In this vein, I need to qualify the above observations about far-right representation. There's another country in Europe that doesn't have this in its national legislature and it is Scotland. Will this be enough to ditch this nonsense about voting systems? Greater variables are at play. We have PR yet no BNP. Amongst the reasons for this is because the BNP are, despite their name, a fundamentally English phenomenon. But what if this were not so - ditch PR? No, no - ask yourself: what do you want your voting system to do - then leave it at that. There are other ways of dealing with the far-right and here I find myself in disagreement with Mike Ion as well as Chris. Address the problems of the working class because it is a matter of good policy, of justice, but fuck the BNP. Hasn't history taught us that fascists have moveable grievances that take on a momentum of their own and have little connection with their supposed original 'causes'?

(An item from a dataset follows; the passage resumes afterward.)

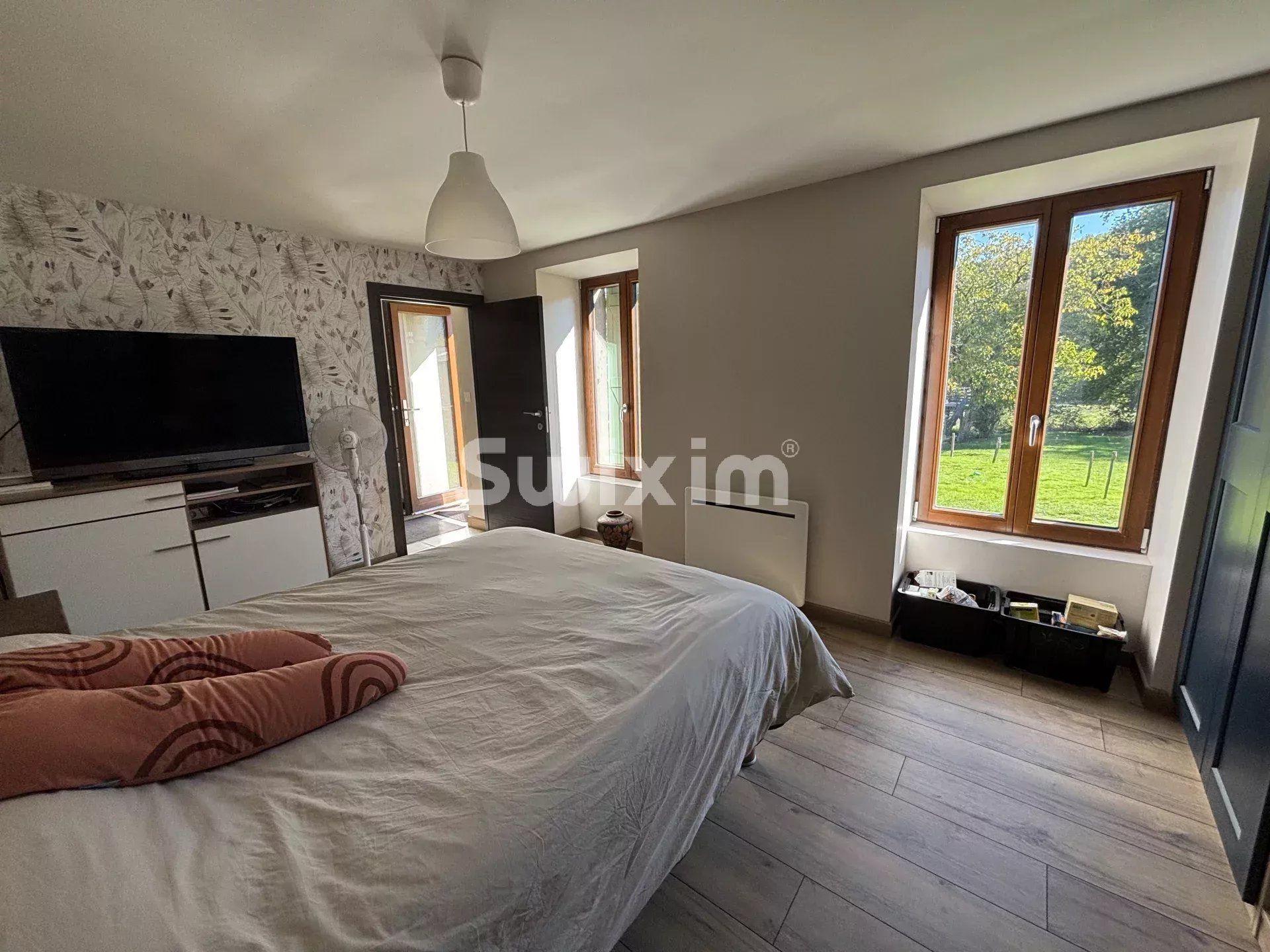 property 12 Rooms for sale on Quarré-les-Tombes (89630)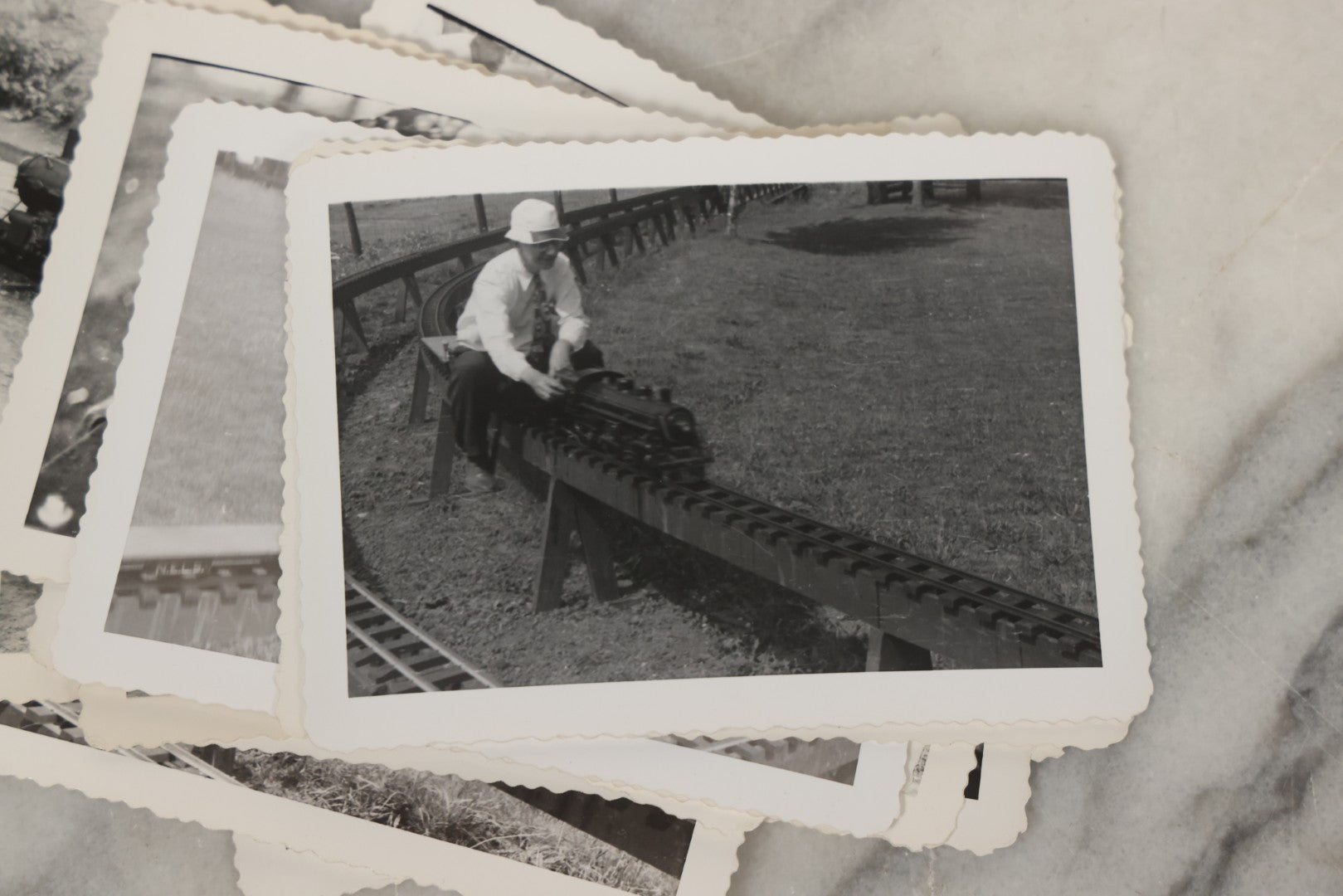 Lot 184 - Grouping Of 17 Vintage Snapshot Photographs Of New England Live Steamers Miniature Railroad Club Showing Men, Children, And Scale Trains, In Envelope As Found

Here I find my liberalism stretches only so far as to give them enough rope to hang themselves. Should this fail they should be crushed without pity. You can complain that this is undemocratic and illiberal if you like but understand this: remembering that the concept of 'enemies of the state' has sinister precedents shouldn't blind us to the fact that the state does indeed have enemies - and that history teaches us liberty folds when it has delegitimized the means by which it must defend itself. Or to understate it another way: one should be parsimonious with the freedom we allow those who would extend it to no-one but themselves.